Water is, of course, a reliable go-to, but when a fever is high and sweating is excessive, drinks with added electrolytes might be necessary to replace lost salts.

Oral rehydration solutions, such as Pedialyte, can be useful in these cases, especially for children.

Avoid caffeinated drinks like coffee or certain teas, as they can dehydrate the body further. Likewise, while fruit juices contain valuable vitamins, they should be given sparingly due to their high sugar content, which can potentially worsen dehydration.

Feeding During Fever

A common saying is "Feed a cold, starve a fever," but this has been largely debunked by modern medicine. The body needs energy to fight off illness, and food provides this.

If a child or adult is not feeling like eating much, try to offer small amounts of food more frequently. Opt for easy-to-digest foods like soup, broth, or rice. Some fruits like bananas or applesauce can be gentle on the stomach and provide essential nutrients. For proteins, think about lean meats, such as chicken, or plant-based options like lentils.

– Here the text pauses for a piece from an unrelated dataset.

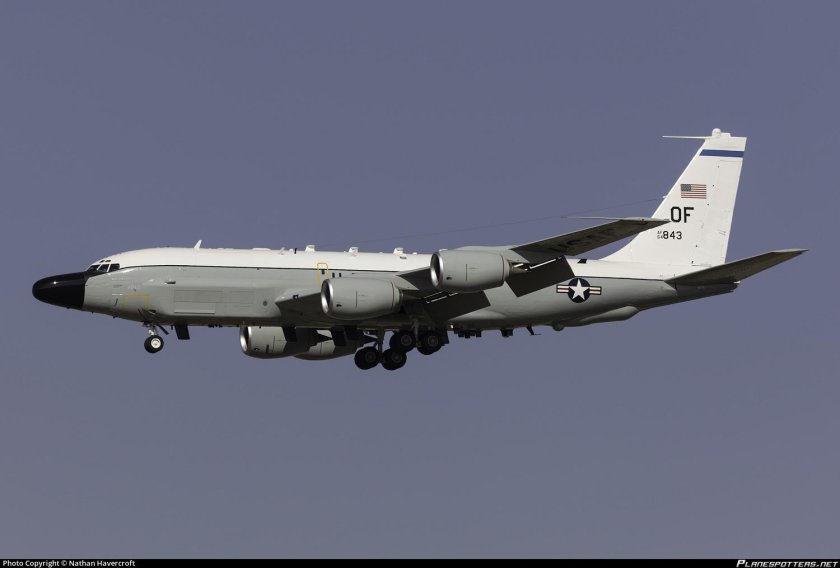 ВВС RC-135w Rivet Joint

Remember, it's normal for appetite to decrease during a fever. The focus should be on offering nutritious, appealing options rather than pushing for large meals.

Role of Certain Nutrients

Vitamin C, Zinc, and Vitamin D have all been shown to support the immune system. Consuming foods rich in these nutrients can aid the body in its fight against infection. Citrus fruits, bell peppers, and strawberries are excellent sources of Vitamin C. For zinc, consider lean meats, chickpeas, or pumpkin seeds. Vitamin D can be sourced from fortified cereals, fatty fish, or a bit of sunshine when possible.